Now if we type ```conda list``` to list all the existing packages we would see nothing as we have not yet installed anything. <br>
Go ahead and try ```conda activate``` and ```conda deactivate``` commands to switch between your new environment and the base. <br>
Notice if you just say 'conda activate' it deafults to base. If you say 'conda activate X' it looks for an environment named X. <br>

Try listing the packages installed in base. In the next step, we will load new packages to our environment.

---


Let's have our ```NAMEOFENV``` activated environment and install desired packages. <br>

```shell
(NAMEOFENV) C:\Users\Computer> conda install matplotlib
```
It will tell you what it is going to install and ask for confirmation. Type ```y``` and continue. Now you have matplotlib and its dependencies. Notice that conda install several packages that matplotlib needs and not only the matplotlib. <br>
pip however have a different behaviour.

> If you have a ```requirements.txt``` file with packages specified.
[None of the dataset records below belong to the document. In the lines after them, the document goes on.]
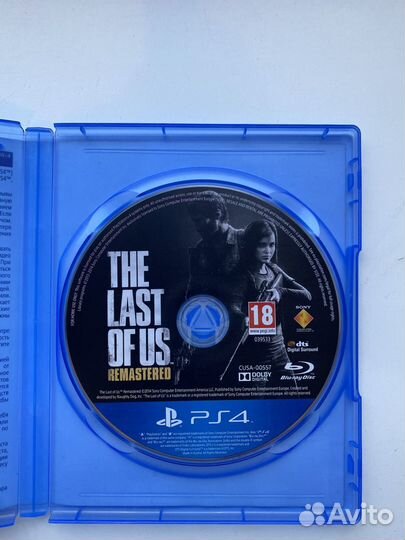Диск The last of us ps4 обновлённая версия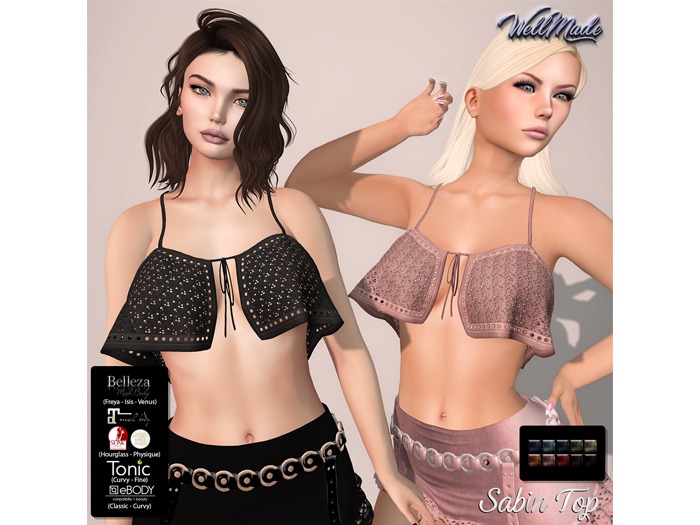 [WellMade] Sabin Top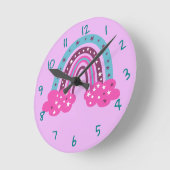 Rainbow Round Clock Runde Wanduhr (Winkel)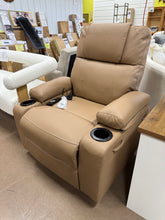 Power Lift Recliner Sofa Chair, Electric Stand Assist for Elderly People, Faux Leather Reclining Chair with Cup Holders, Massage & Heat Functions, Brown! (NEW)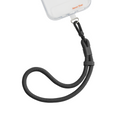 TORRAS LoopGo Flex wrist phone lanyard, durable black braided rope, adjustable clasp.
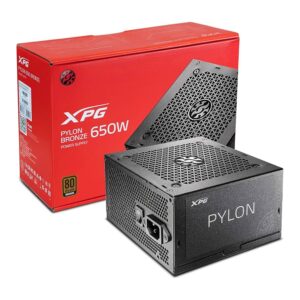 XPG PYLON650B 650W BRONZE PSU (BLACK)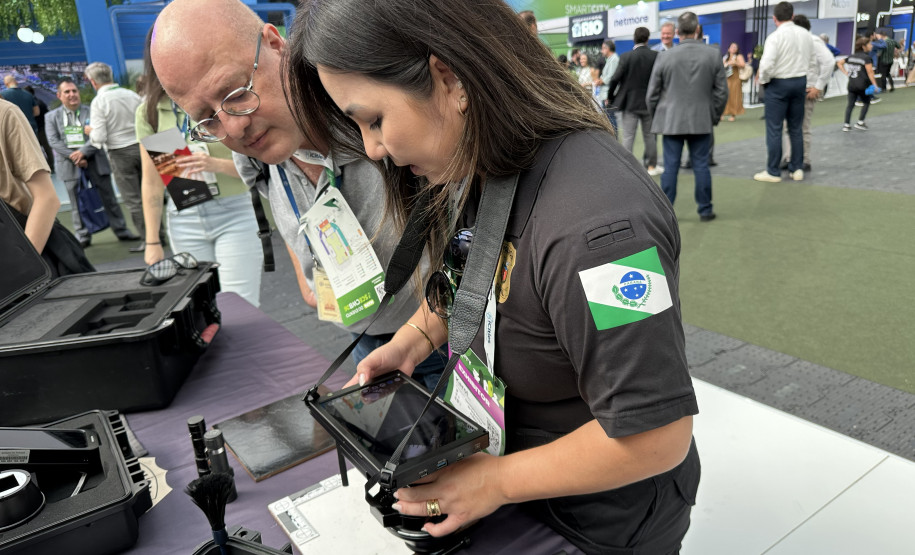PCPR realiza palestra sobre uso de IA na segurança pública na Smart City Expo Curitiba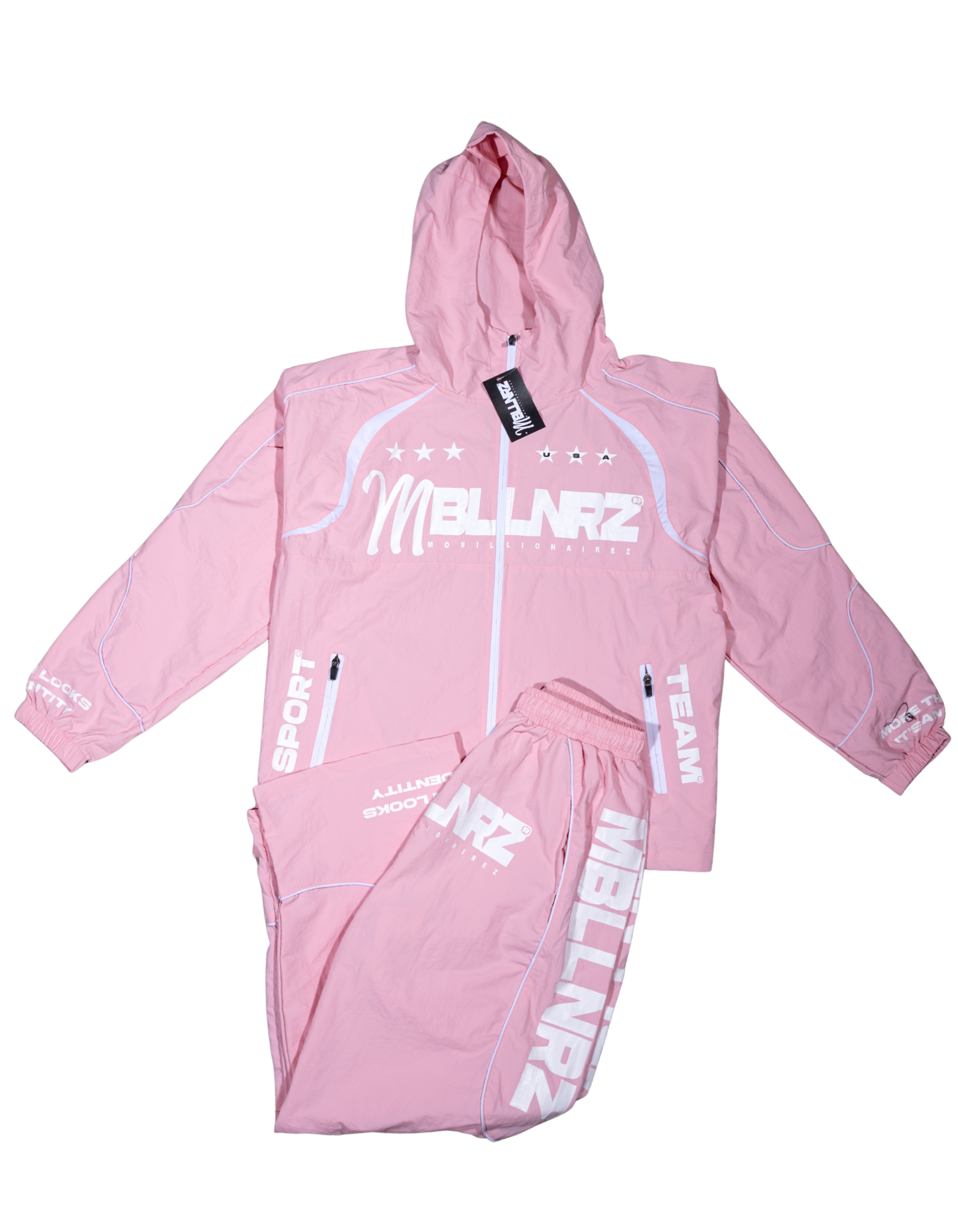 Mobillionairez "More Than Looks" Nylon Jogger - Pink (Unisex)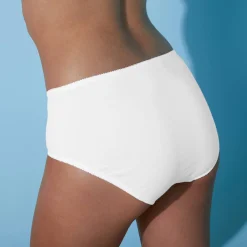 Slip En Shorty<Blancheporte Maxislip in ajourkatoen - Set van 2 wit + zwart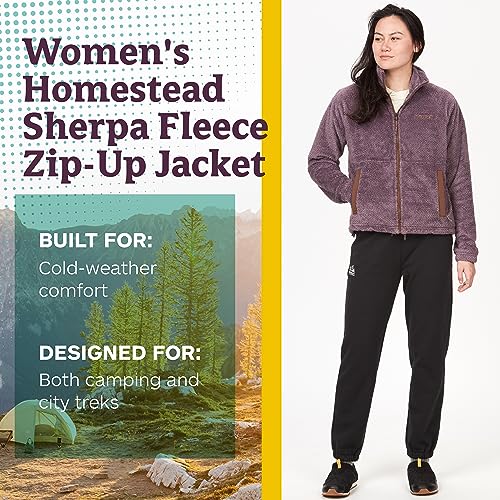 Image of MARMOT Women's Homestead Full-Zip Jacket - Blanket-Soft High-Pile Sherpa Fleece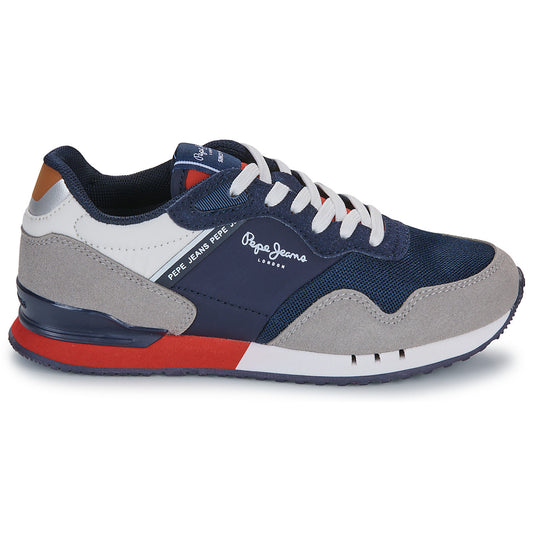 Scarpe bambini ragazzo Pepe jeans  LONDON PARK B  Blu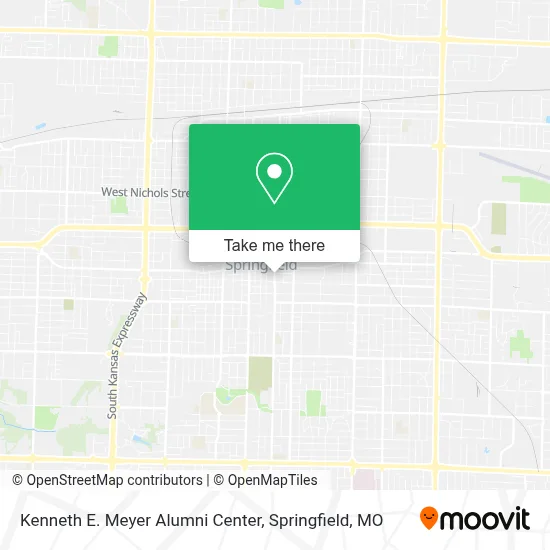 Kenneth E. Meyer Alumni Center map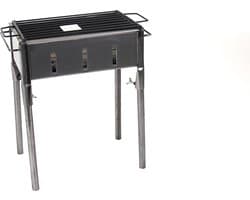 Gerimport Houtskoolbarbecue Exa 35 X 20 X 50 Cm Zwart/zilver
You can install them from this file using
>>```shell
>>(NAMEOFENV) C:\Users\Computer>conda install --file requirements.txt
>>```

> if you want to save your packages as ```requirements.txt```
>>```shell
>>(NAMEOFENV) C:\Users\Computer>conda list --export > requirements.txt
>>```


**Now, we have two options to make this environment accessible with jupyter notebooks**
- Install notebook extension in this environment

```shell
(NAMEOFENV) C:\Users\Computer>conda install conda_nb
(NAMEOFENV) C:\Users\Computer>jupyter notebook
``` 

- Tell your python that you have created this environment and it should be accessible
```shell
(NAMEOFENV) C:\Users\Computer>python -m ipykernel install --user --name
```
After this, you can deactivate your environment and run jupyter notebook as you normally do. <br>
When you try to create a new file in the notebook, you will see NAMEOFENV listed under the Python 3 option.

---

You can then work on your project as you like. After you are done with your project, and you want to remove everything. You can delte the environment folder manually or;

```shell
(NAMEOFENV) C:\Users\Computer>conda deactivate
C:\Users\Computer>conda env remove -n NAMEOFENV
```

After this, you will still have the environment listed in the kernels of the jupyter. To remove it run;

```
(base) C:\Users\Computer>jupyter kernelspec uninstall NAMEOFENV
```

If you want to list existing environments and kernels

```
(base) C:\Users\Computer>conda info --envs
```

```
(base) C:\Users\Computer>jupyter kernelspec list
```


### <font color=blue> 1. Using pip  </font>

- create
```shell
(base) C:\Users\Computer>python -m venv NAMEOFENV
```
- activate
```shell
(base) C:\Users\Computer>NAMEOFENV\Scripts\activate.bat
```
- install stuff
```shell
(base) C:\Users\Computer> pip install matplotlib
(base) C:\Users\Computer> pip install ipykernel
```

- add kernel
```shell
(base) C:\Users\Computer> ipython kernel install --name "name-venv" --user
```

- to save your packages
```shell
(base) C:\Users\Computer> pip freeze > requirements.txt
```

<br>
<br>

In the following notebooks we will explore data from kaggle and create a workflow step-by-step. <br>
In the first Netflix-Movies.ipynb we will explore the data and create some functions. Later, we will create a simple _library_ of our own. <br>
Next, we will use this library in the Netflix-Movies-2.ipynb to explore further things.